━━━━━ Data for analysis

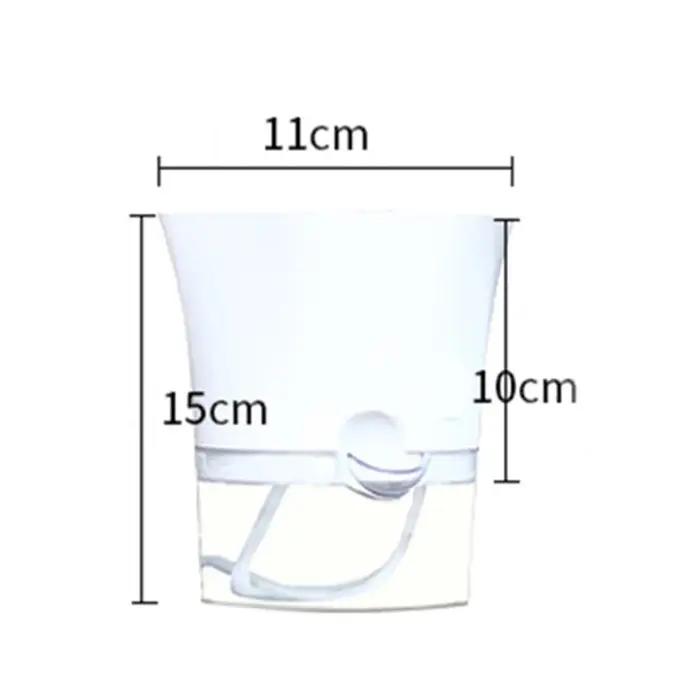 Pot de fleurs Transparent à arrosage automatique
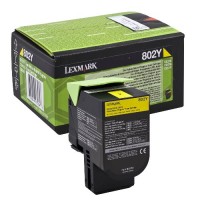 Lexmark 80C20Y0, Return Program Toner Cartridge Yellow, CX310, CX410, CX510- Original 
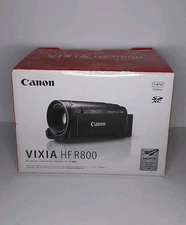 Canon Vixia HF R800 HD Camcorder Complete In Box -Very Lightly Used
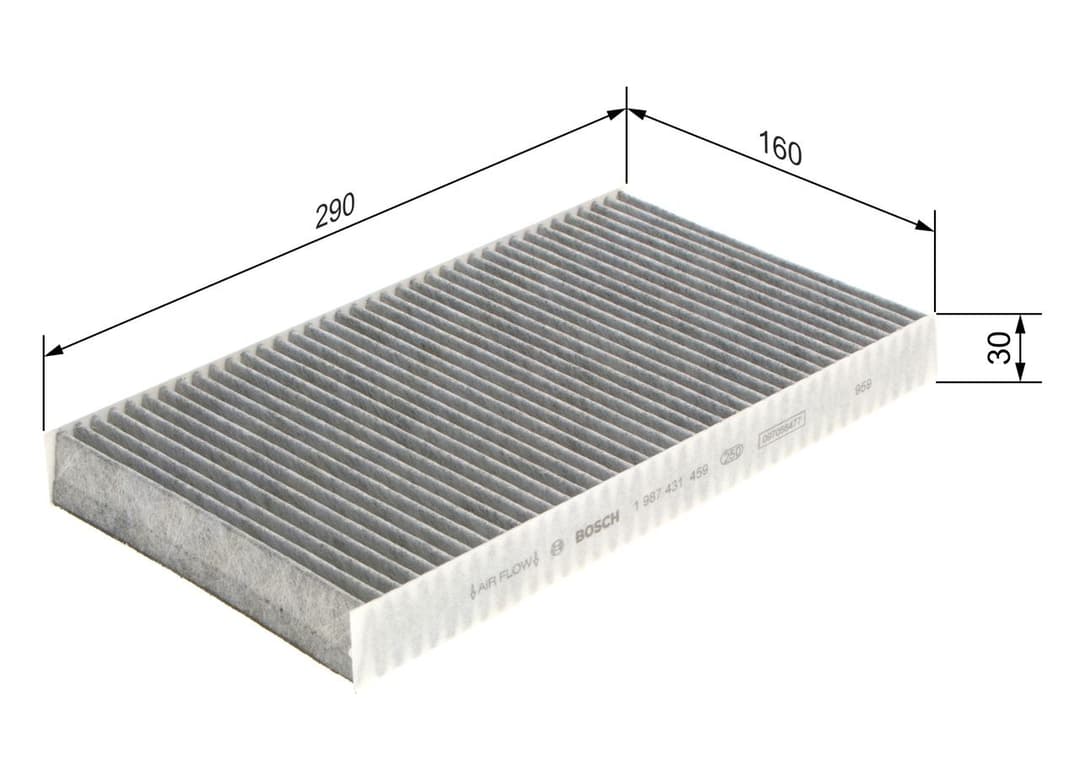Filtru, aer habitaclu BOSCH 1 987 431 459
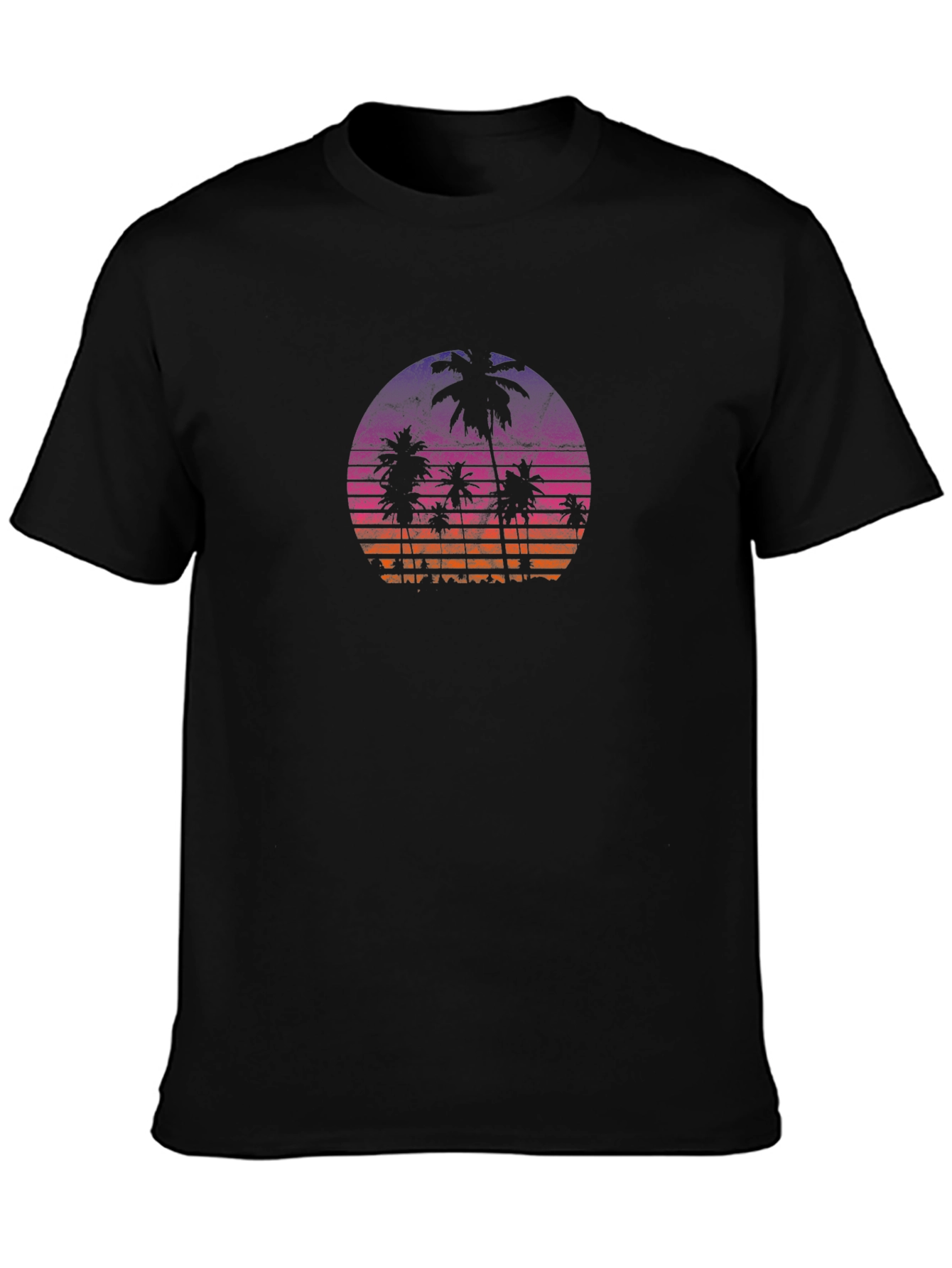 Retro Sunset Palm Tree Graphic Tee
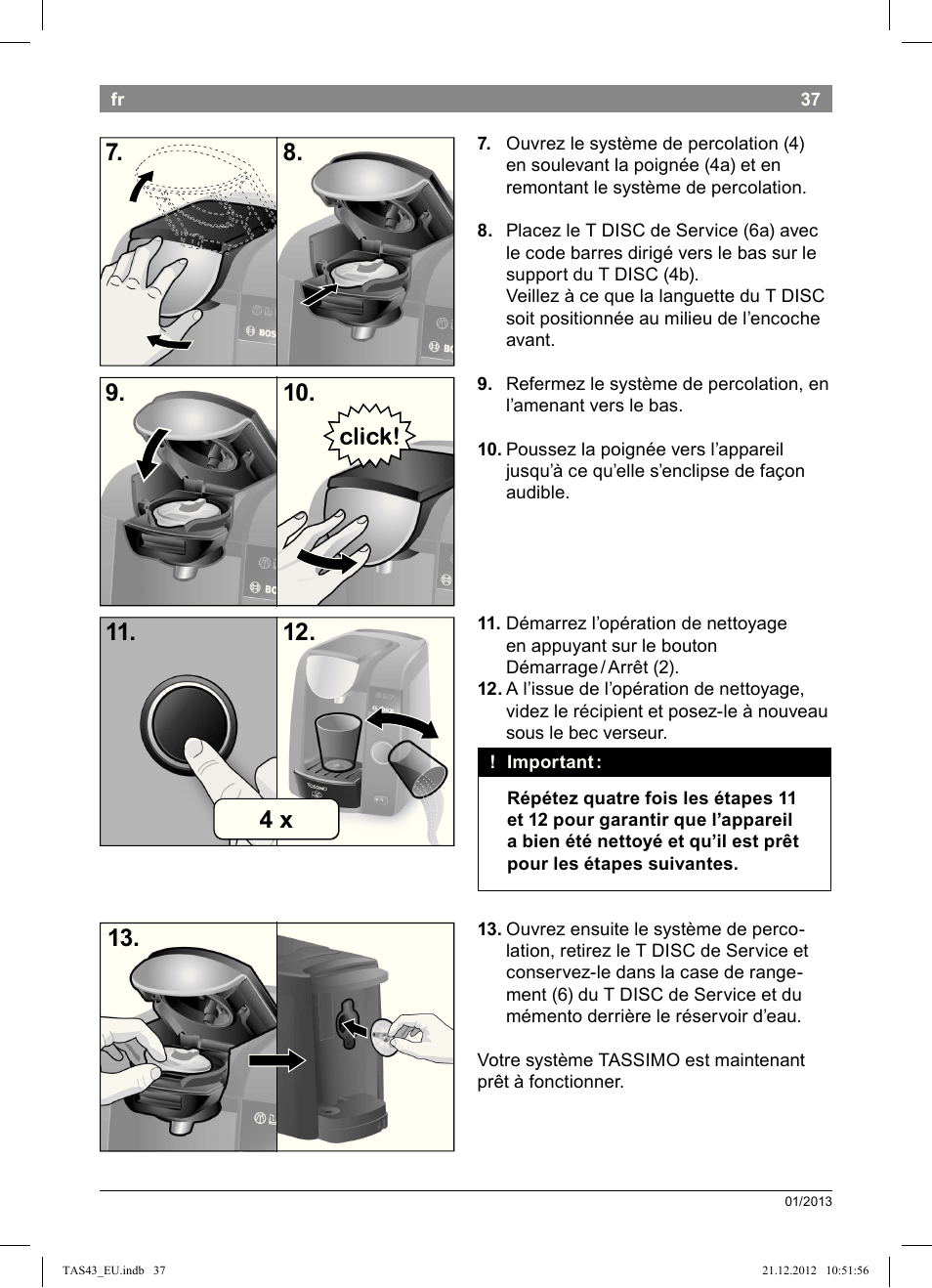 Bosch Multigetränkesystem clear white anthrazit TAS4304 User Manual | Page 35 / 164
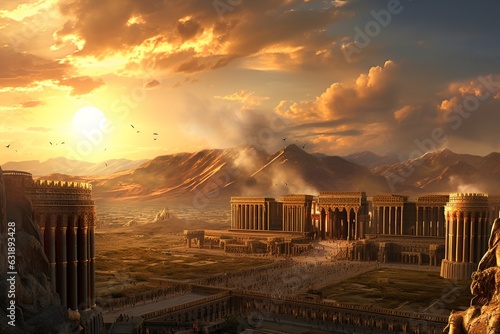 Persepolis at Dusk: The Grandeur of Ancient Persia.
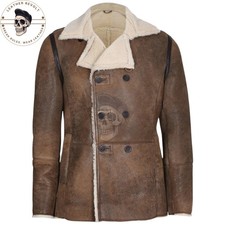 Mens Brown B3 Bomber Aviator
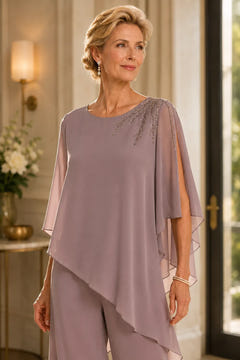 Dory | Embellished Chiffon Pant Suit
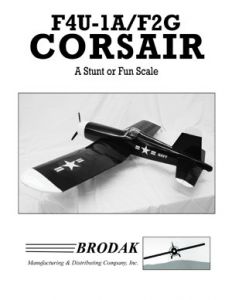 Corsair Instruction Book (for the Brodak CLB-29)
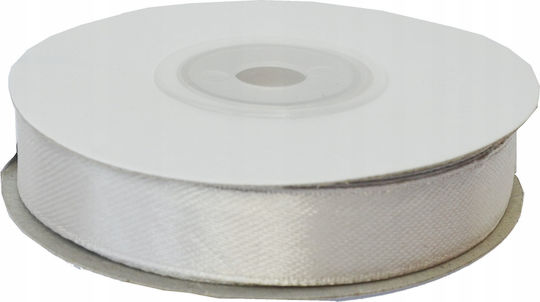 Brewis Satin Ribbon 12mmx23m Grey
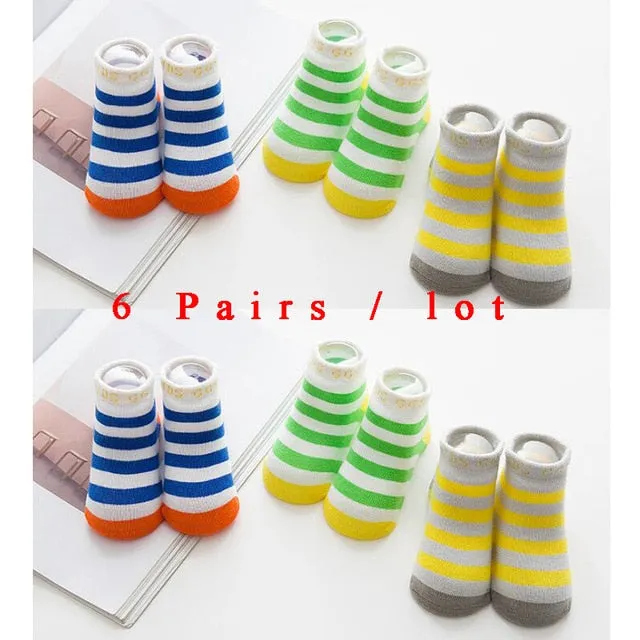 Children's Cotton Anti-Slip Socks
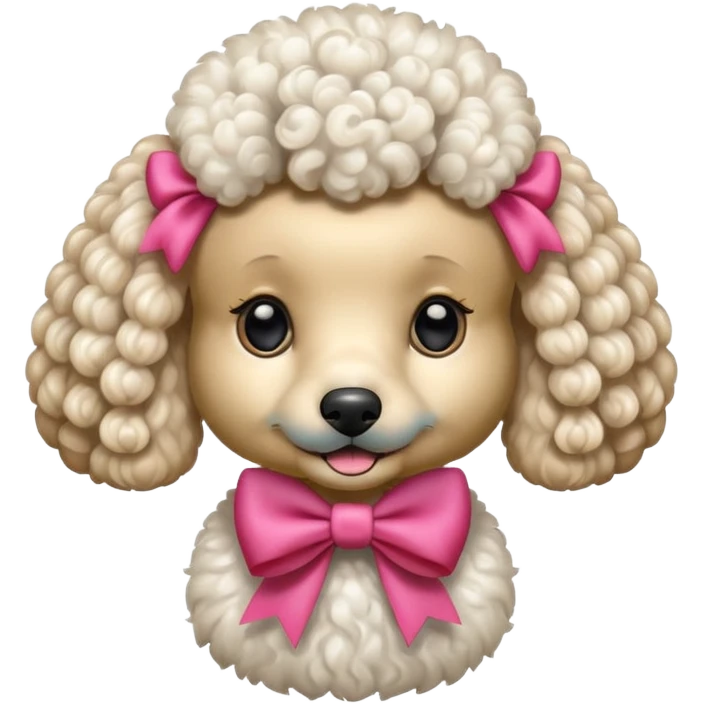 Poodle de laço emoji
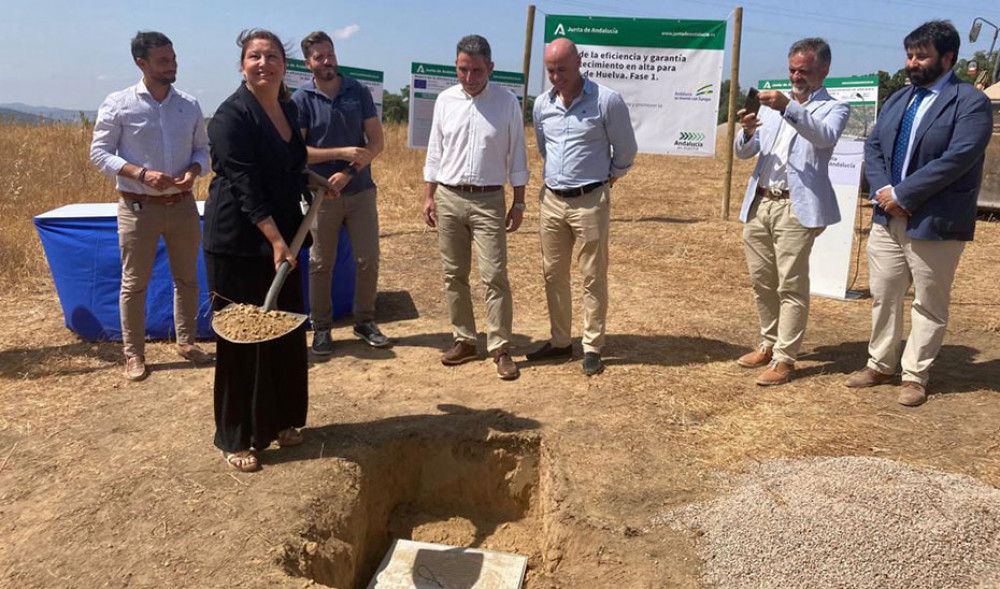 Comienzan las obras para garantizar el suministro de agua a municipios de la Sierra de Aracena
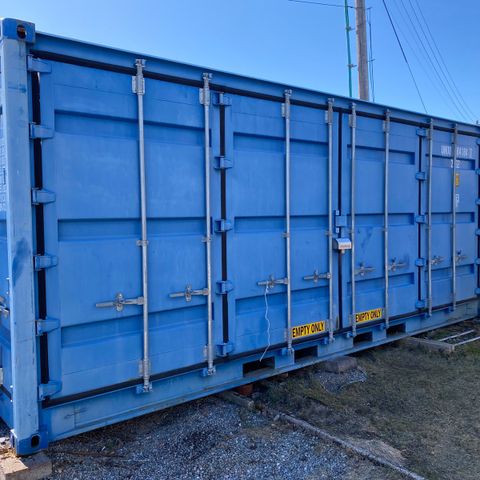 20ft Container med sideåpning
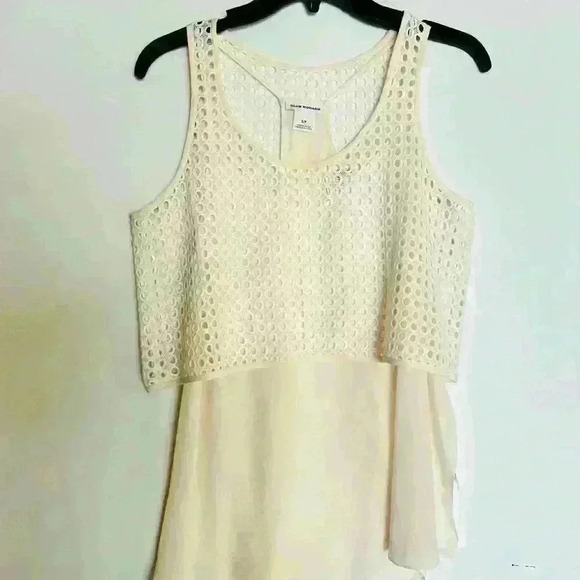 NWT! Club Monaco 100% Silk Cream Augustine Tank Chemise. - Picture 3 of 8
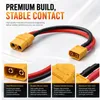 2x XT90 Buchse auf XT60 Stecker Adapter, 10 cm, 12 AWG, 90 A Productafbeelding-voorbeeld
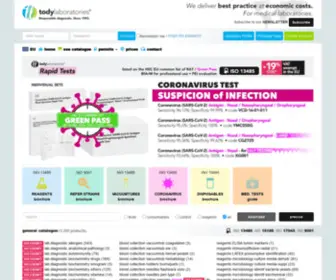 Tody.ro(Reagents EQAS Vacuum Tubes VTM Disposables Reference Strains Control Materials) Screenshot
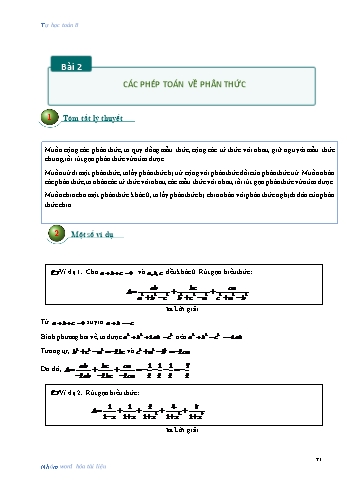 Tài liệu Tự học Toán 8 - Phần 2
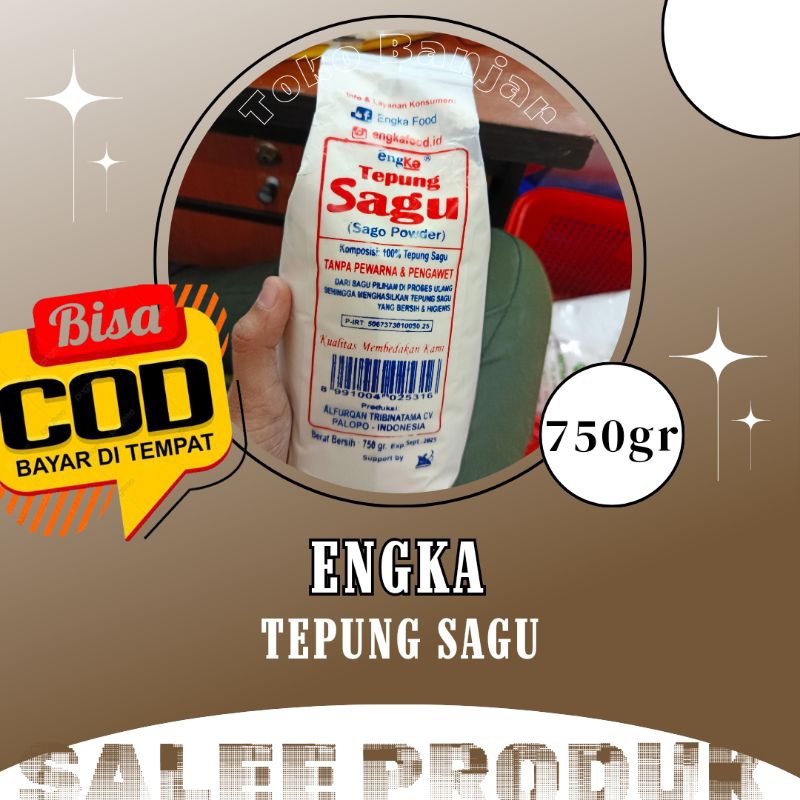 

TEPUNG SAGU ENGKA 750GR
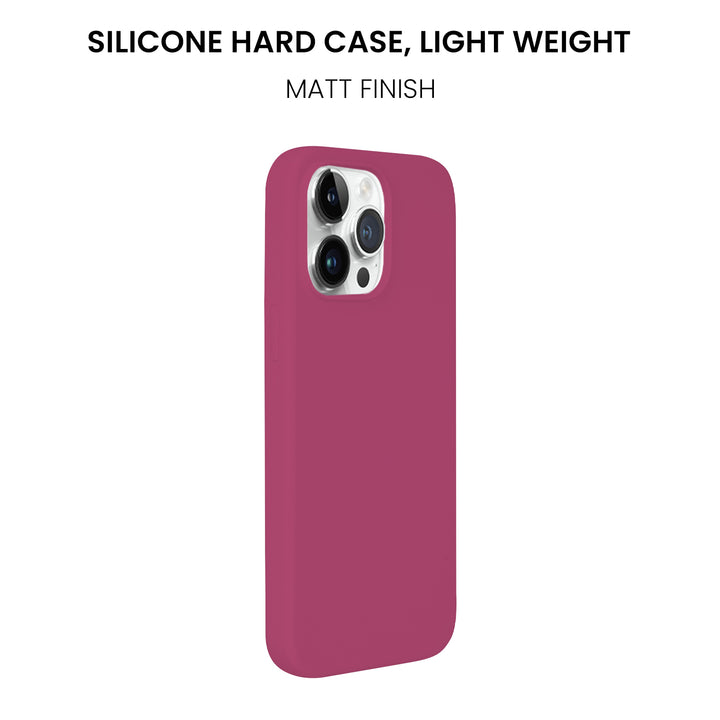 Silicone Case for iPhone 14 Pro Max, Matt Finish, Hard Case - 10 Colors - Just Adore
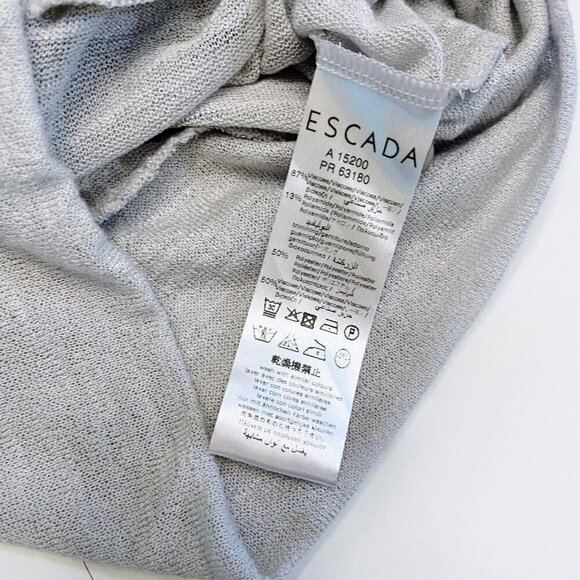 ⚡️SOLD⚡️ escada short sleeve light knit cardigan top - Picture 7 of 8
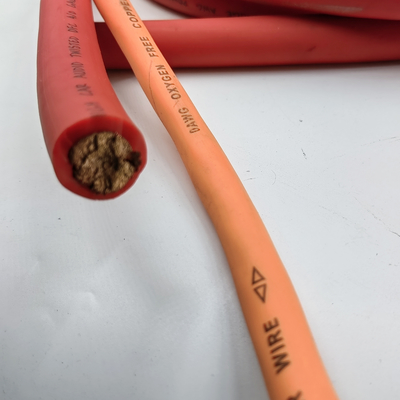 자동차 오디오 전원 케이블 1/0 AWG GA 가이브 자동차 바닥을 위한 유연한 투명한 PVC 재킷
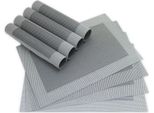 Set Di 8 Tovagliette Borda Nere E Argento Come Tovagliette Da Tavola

━━━━━━━━━━

» **Problem description**:
All of the data is to be transcribed exactly, with images omitted.

» **Your solution**:
 Pot de fleurs Transparent à arrosage automatique
 Lexmark 80C20Y0, Return Program Toner Cartridge Yellow, CX310, CX410, CX510- Original 
 Canon Vixia HF R800 HD Camcorder Complete In Box -Very Lightly Used
Filtru, aer habitaclu BOSCH 1 987 431 459
 Retro Sunset Palm Tree Graphic Tee
 Bosch Multigetränkesystem clear white anthrazit TAS4304 User Manual | Page 35 / 164
 Persepolis at Dusk: The Grandeur of Ancient Persia.
 Mens Brown B3 Bomber Aviator
 Dory | Embellished Chiffon Pant Suit
 Corsair Instruction Book (for the Brodak CLB-29)
 Brewis Satin Ribbon 12mmx23m Grey
 Children's Cotton Anti-Slip Socks
 Poodle de laço emoji
 Comienzan las obras para garantizar el suministro de agua a municipios de la Sierra de Aracena
 20ft Container med sideåpning
 NWT! Club Monaco 100% Silk Cream Augustine Tank Chemise. - Picture 3 of 8
 2x XT90 Buchse auf XT60 Stecker Adapter, 10 cm, 12 AWG, 90 A Productafbeelding-voorbeeld
 Tody.ro(Reagents EQAS Vacuum Tubes VTM Disposables Reference Strains Control Materials) Screenshot
 Tài liệu Tự học Toán 8 - Phần 2

TEPUNG SAGU ENGKA 750GR
 Silicone Case for iPhone 14 Pro Max, Matt Finish, Hard Case - 10 Colors - Just Adore
 ⚡️SOLD⚡️ escada short sleeve light knit cardigan top - Picture 7 of 8
 자동차 오디오 전원 케이블 1/0 AWG GA 가이브 자동차 바닥을 위한 유연한 투명한 PVC 재킷
 Set Di 8 Tovagliette Borda Nere E Argento Come Tovagliette Da Tavola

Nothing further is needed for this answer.